ただし、ピーター・ベーゲンの著書「聖戦株式会社」によると、軍事訓練を受けたり、ムジャヒディンに直接接したアメリカ人はいなかったという[20]。「PBSUCCESS作戦のように批判を浴びるのを恐れた」ため、CIAが実行した作戦は10にも満たない[21]が、国務省から派遣された文民やCIAは当時、アフガニスタンとパキスタンの国境付近をしばしば訪れ、合衆国はアフガン難民を支援すること度々であった。
1986年以降、合衆国製のスティンガー対空ミサイル多数がムジャヒディンに提供。軽装備のアフガニスタン人が戦闘地域におけるソビエトのヘリコプターから効果的に防御し得る程に、ソビエトの戦況に決定的な一撃を加えてゆく。
皮肉にもスティンガーはあまりにも普及したため、1990年代には合衆国が反米テロリストからの「買い戻し」を余儀無くされる。この行為は残存するスティンガーがアフガニスタン国内の米軍に対して用いられる恐れから、2001年末の合衆国によるアフガニスタン紛争の後も密かに継続していたとされる[22]。
1987年7月20日にはソ連軍のアフガニスタンからの撤退が発表され、1988年のジェノヴァ合意[23]を経て、1989年2月15日の完全撤退に至る。
アフガニスタンにおけるソビエト軍との戦闘におけるパキスタンの役割を支援するため、合衆国は経済支援と武器売却を実施。

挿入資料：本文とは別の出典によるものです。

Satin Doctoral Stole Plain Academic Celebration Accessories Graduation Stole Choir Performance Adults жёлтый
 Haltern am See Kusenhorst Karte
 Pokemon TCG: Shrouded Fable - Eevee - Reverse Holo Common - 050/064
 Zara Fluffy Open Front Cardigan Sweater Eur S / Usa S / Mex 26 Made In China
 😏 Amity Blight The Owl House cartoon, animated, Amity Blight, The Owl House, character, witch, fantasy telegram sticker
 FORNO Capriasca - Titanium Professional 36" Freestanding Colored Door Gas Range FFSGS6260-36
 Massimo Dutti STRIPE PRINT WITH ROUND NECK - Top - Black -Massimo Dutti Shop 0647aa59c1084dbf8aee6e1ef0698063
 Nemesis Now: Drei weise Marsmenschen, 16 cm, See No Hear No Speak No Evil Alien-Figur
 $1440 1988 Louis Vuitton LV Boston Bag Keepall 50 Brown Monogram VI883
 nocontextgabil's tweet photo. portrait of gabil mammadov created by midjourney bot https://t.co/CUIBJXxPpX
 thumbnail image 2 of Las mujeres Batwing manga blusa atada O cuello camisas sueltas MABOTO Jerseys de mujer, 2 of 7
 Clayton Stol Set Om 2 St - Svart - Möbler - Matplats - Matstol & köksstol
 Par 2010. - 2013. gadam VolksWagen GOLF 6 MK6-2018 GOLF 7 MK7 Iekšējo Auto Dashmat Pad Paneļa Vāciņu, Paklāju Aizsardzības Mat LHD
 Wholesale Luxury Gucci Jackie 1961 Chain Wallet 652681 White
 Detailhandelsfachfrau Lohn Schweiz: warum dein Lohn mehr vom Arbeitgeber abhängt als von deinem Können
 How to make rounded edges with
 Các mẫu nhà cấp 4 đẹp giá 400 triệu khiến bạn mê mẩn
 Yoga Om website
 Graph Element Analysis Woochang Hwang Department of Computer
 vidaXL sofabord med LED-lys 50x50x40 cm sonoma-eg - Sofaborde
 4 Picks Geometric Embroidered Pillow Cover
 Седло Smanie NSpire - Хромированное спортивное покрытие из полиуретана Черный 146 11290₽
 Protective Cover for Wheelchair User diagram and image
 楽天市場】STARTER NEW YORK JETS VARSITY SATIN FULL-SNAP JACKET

1981年から1987年までの第1次支援計画では、32億ドルが経済支援と武器売却に平等に分配されることとなる。また支援活動外では12億ドルを費やし、1983年から1987年にかけてパキスタンにF-16を40機売却した。
1987年から1993年にかけての第2次支援計画では42億ドルに上った。この中から22億8000ドルが数%の利子を付け、補助金や貸付金の形で経済支援向けに割り当てられている。割り当ての残り(17億4000ドル)は武器購入に充てられた[18]。なおアフガニスタン向けのパキスタンへの武器売却はイスラエルも関与[24]。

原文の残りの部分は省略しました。